* _Input data_:
Segment Open

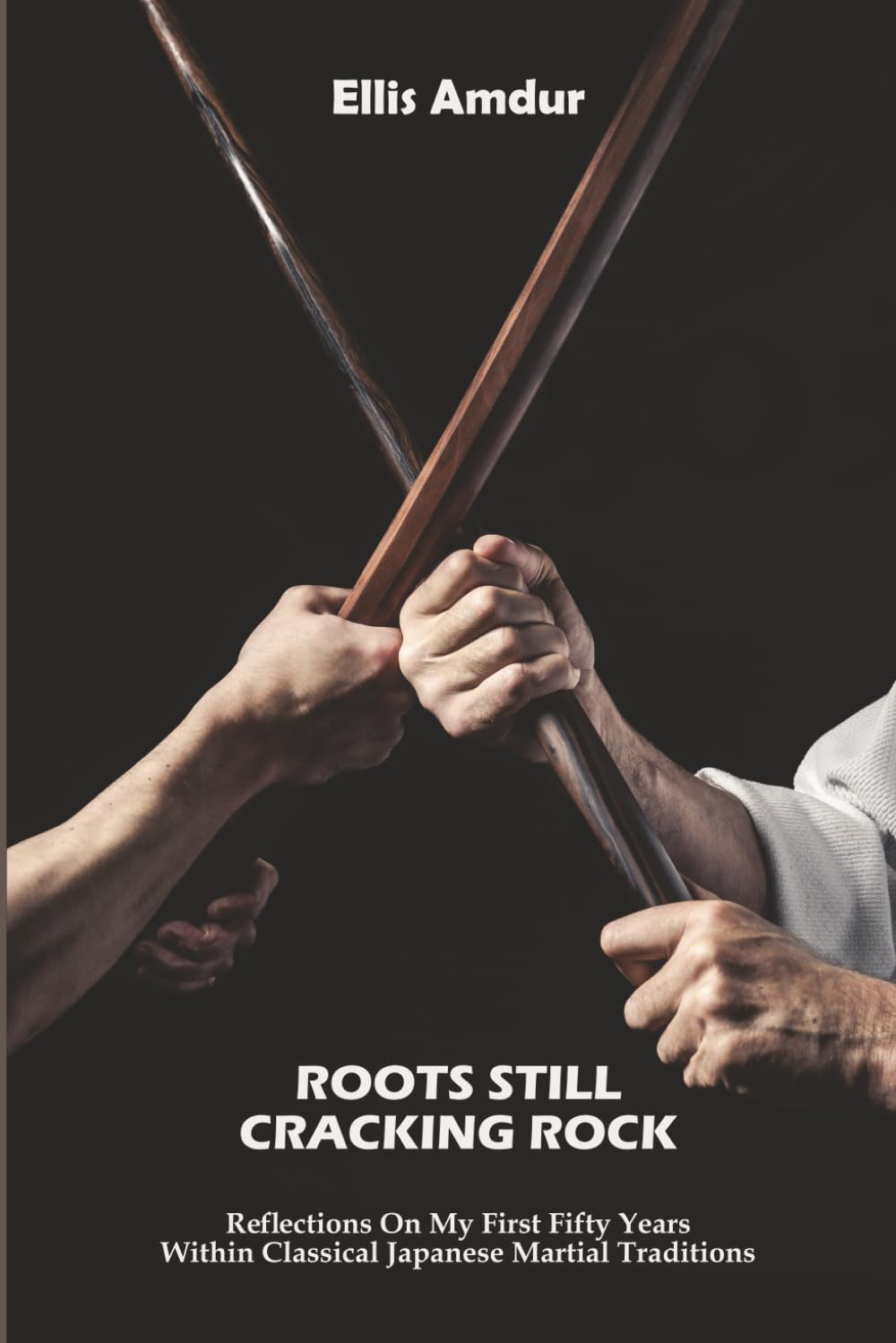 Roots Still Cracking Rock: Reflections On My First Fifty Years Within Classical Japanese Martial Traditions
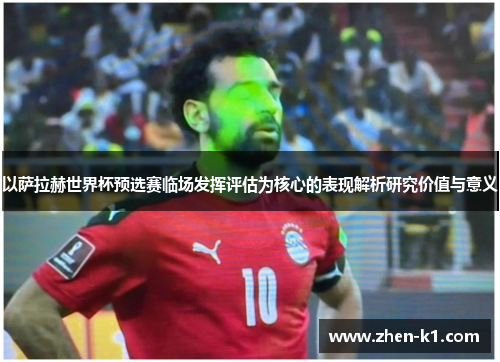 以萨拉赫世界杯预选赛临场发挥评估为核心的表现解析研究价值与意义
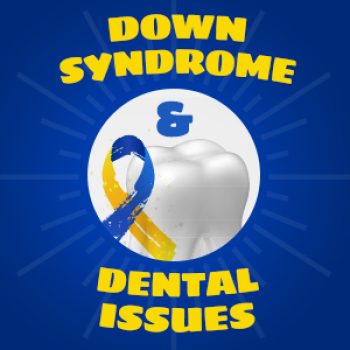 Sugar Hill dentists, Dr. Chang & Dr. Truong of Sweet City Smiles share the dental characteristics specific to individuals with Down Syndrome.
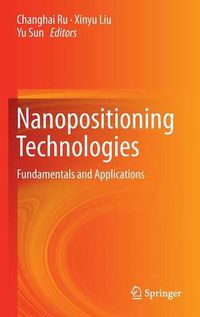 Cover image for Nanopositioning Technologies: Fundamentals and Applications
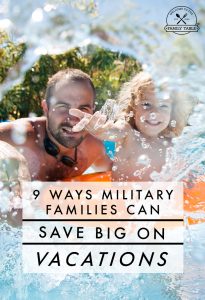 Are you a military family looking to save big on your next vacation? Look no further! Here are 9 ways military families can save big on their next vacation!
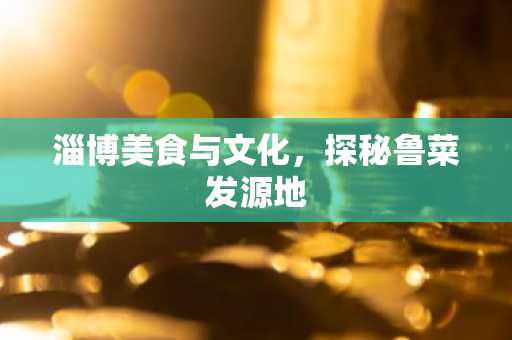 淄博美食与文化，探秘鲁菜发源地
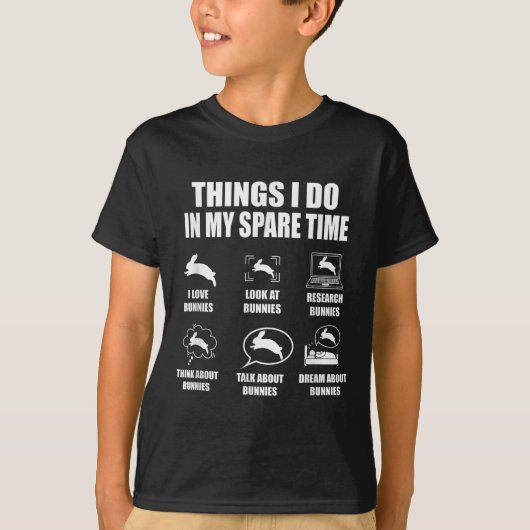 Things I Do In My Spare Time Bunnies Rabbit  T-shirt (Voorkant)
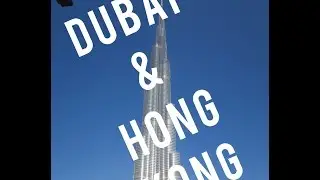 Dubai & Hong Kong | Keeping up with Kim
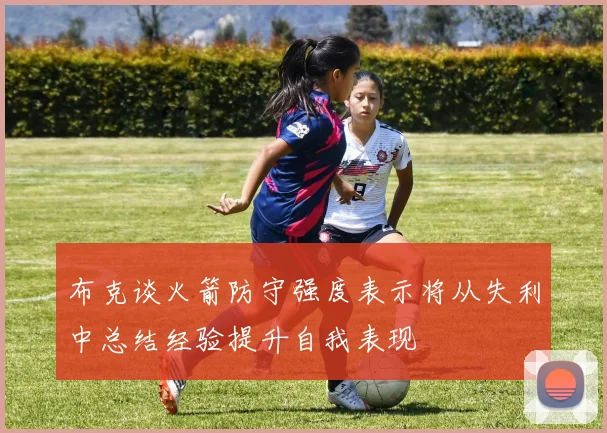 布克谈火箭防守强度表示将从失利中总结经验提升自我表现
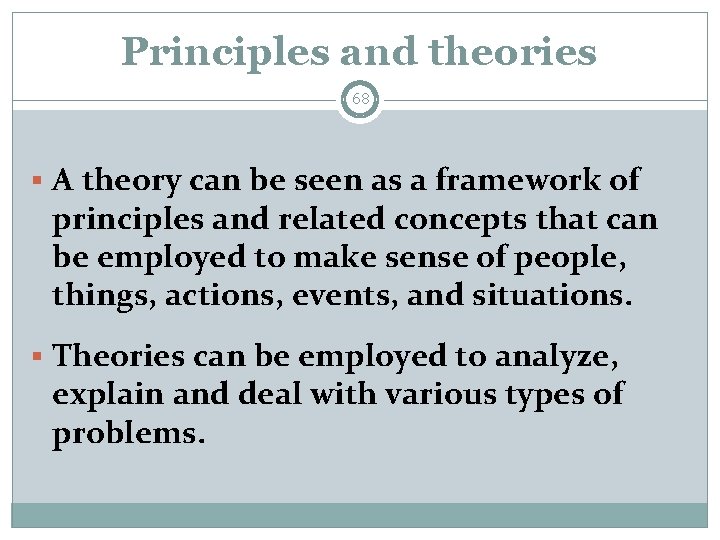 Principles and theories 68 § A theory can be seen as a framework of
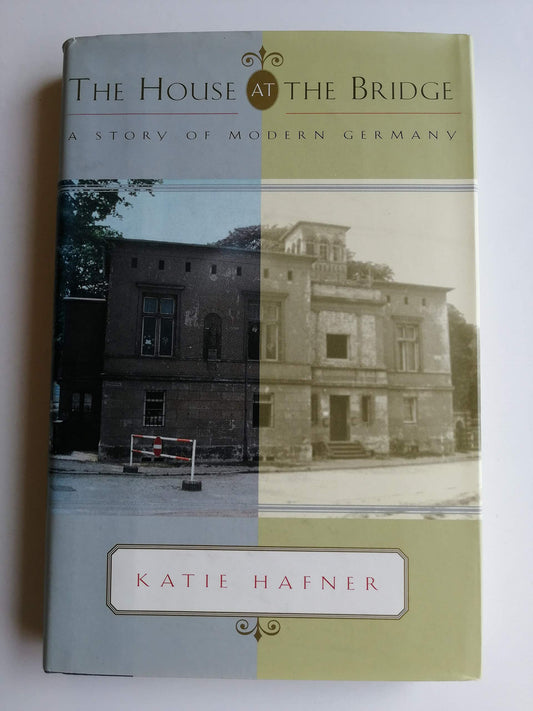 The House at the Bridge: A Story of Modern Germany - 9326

Segment Closed

* _Work request_:
Transcribe every line from the records above without alteration, and leave out the images.

* _Exercise result_:
 Roots Still Cracking Rock: Reflections On My First Fifty Years Within Classical Japanese Martial Traditions
 以萨拉赫世界杯预选赛临场发挥评估为核心的表现解析研究价值与意义
 Sugar Hill dentists, Dr. Chang & Dr. Truong of Sweet City Smiles share the dental characteristics specific to individuals with Down Syndrome.
 Cover image for Nanopositioning Technologies: Fundamentals and Applications
 Are you a military family looking to save big on your next vacation? Look no further! Here are 9 ways military families can save big on their next vacation!
 淄博美食与文化，探秘鲁菜发源地
 Things I Do In My Spare Time Bunnies Rabbit  T-shirt (Voorkant)
 Dubai & Hong Kong | Keeping up with Kim
 布克谈火箭防守强度表示将从失利中总结经验提升自我表现
 Principles and theories 68 § A theory can be seen as a framework of
 The House at the Bridge: A Story of Modern Germany - 9326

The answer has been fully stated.